We should perform preprocessing on the given dictionary. Let all the words in the dictionary be the nodes of a graph, and there is an undirected edge between two nodes if one word could be converted to another by a single transformation: changing a character, removing a character, or deleting a character. For example there will be an edge between “bat” and “cat” since we can change a character, also between “cat” and “at” by removing a character, and between “bat” and “bart” by adding a character. We can preprocess the whole dictionary and create this huge graph. Assuming that our program will be asked to transform different words to one another many times,  the cost of precomputation will be negligible. Here is the code to create the graph from the dictionary, the graph is a hashtable where the key is a word and the value is the list of valid transformations of that word:

def constructGraph(dictionary):
    graph=collections.defaultdict(list)
    letters=string.lowercase
    for word in dictionary:
        for i in range(len(word)):
            #remove 1 character
            remove=word[:i]+word[i+1:]
            if remove in dictionary:
                graph[word].append(remove)
            #change 1 character
            for char in letters:
                change=word[:i]+char+word[i+1:]
                if change in dictionary and change!=word:
                    graph[word].append(change)
        #add 1 character
        for i in range(len(word)+1):
            for char in letters:
                add=word[:i]+char+word[i:]
                if add in dictionary:
                    graph[word].append(add)
 
    return graph

Now we have the graph where each edge corresponds to a valid transformation between words.
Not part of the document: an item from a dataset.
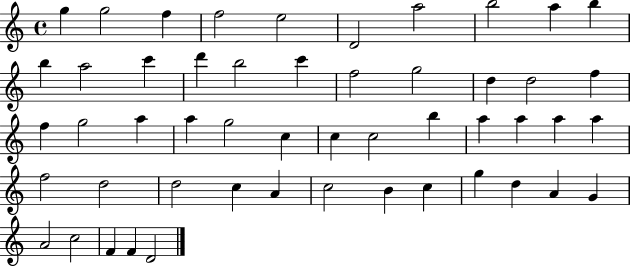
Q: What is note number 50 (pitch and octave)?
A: F4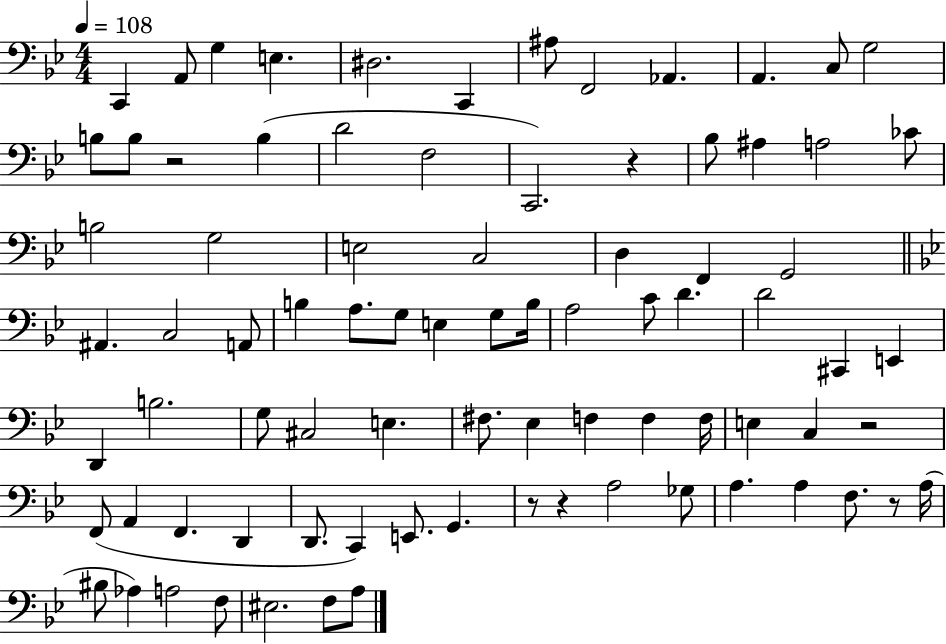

So, given two words we can initiate a breadth first search from the start node and once we reach the goal node we will have the shortest chain of transformations between two words (note that either start or goal or both words may not exist in the dictionary at all). Breadth first search gives the shortest path between a start node and a goal node in an unweighted graph, given that the start node is the root of the search. We didn’t perform depth first search because it won’t necessarily give us the shortest path and we may waste a lot of time trying to explore a dead end because the graph contains many nodes. Here is the code, it takes the graph generated above as an input together with start and goal words:

def transformWord(graph, start, goal):
    paths=collections.deque([ [start] ])
    extended=set()
    #Breadth First Search
    while len(paths)!=0:
        currentPath=paths.popleft()
        currentWord=currentPath[-1]
        if currentWord==goal:
            return currentPath
        elif currentWord in extended:
            #already extended this word
            continue
 
        extended.add(currentWord)
        transforms=graph[currentWord]
        for word in transforms:
            if word not in currentPath:
                #avoid loops
                paths.append(currentPath[:]+[word])
 
    #no transformation
    return []

The complexity of the algorithm depends on how far apart two words are in the graph. In the worst case, we may have to traverse all the graph to find a transformation, or such a transformation may not exist at all, meaning the graph has more than 1 connected components. Or either the source or the goal or both may not exist in the dictionary.

Here is an example, let’s say we have the following words in our dictionary: cat, bat, bet, bed, at, ad, ed. The transformation graph is the following:

Let’s say we want to find the shortest transformation between the words cat and bed. Here is the demonstration of how it works:

There are two paths. cat->bat->bet->bed is shorter than cat->at->ad->ed->bed. If we delete the node ‘bet’ than the first path becomes invalid and the shortest path is now the second one. If we also delete ‘ad’ then there is no path left.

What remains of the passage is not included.